In a heat engine, we take a quantity of heat from a hot reservoir, reducing the latter's entropy by $Q_i/T_i$ in the process, but find that, if we have a colder reservoir at $T_o<T_i$ we only have to "give back" $Q_o<Q_i$ to the cold reservoir to offset the entropy drop in the hot reservoir, so we get to "keep" energy $Q_i - Q_o > 0$ for doing work with. In biological reactions, the most comparable process to this is that of photosynthesis, where the "working fluid" of light at thermodynamic equilibrium at $6000{\rm K}$ is converted to "stored work" in sugars and, ultimately, ATP, dumping excess heat at ambient temperature $300{\rm K}$ in the process. Thenceforth, all living things use this low-entropy energy store rather like an electric motor converting energy stored in a capacitor, whether it be plants using it for their own life process, or herbivores accessing it through eaten plants or carnivores accessing it through eaten plant eaters.
So the plants and their solar energy fixing are the component of the biosphere most comparable to a heat engine in a power station; the plant metabolic processes and animals that eat plants and each other to get access to stored energy in plants are more like the electrical appliances that use the work extracted by the power plant, with very little temperature change.

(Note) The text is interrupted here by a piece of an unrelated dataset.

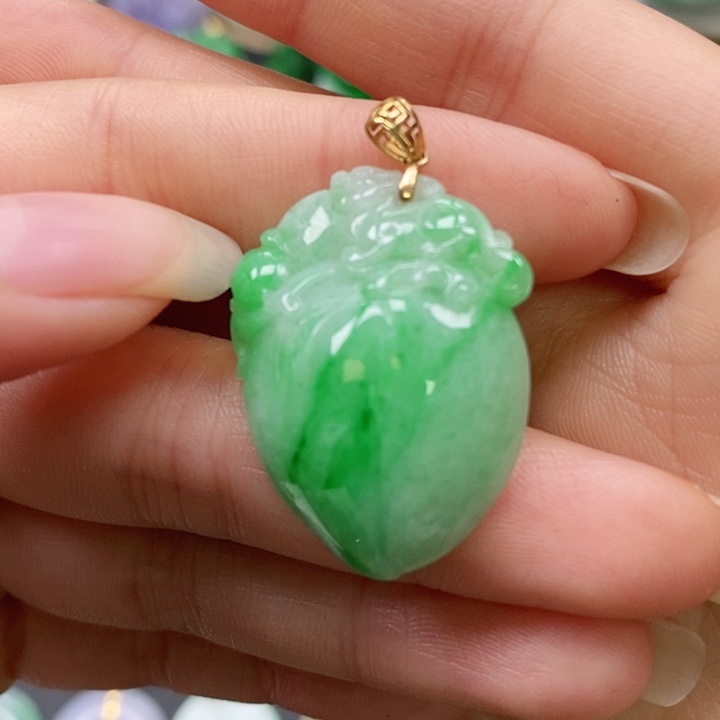 翡翠未镶嵌颈饰吊坠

3. Proteins Denature at Roughly $50{\rm C}$
For any animal process that could be considered to be like a heat engine, the maximum intake temperature can be at most a few or at most a few tens of degrees kelvin above ambient. This is because biological machinery is fatally damaged by temperatures much higher than $40{\rm C}$. Proteins denature and lose their vital life functions at very low temperatures. So if there are any processes in life that can be thought of as reasonably analogous to heat engines, we would foresee their efficiencies to be very low, since the theoretical efficiency is of the order of $3\%$ given this limit.
An interesting exception to my point 3 comes up in deep sea life living near hydrothermal vents. John Rennie writes:
so we have creatures dwelling in $100{\rm C}$ and over environments and the opportunity to dump heat into the surrounding sea at much lower temperatures. However, my understanding is that these creatures still use the chemical energy from what they can extract from the volcanic vents, rather than working as heat engines taking advantage of the temperature drop.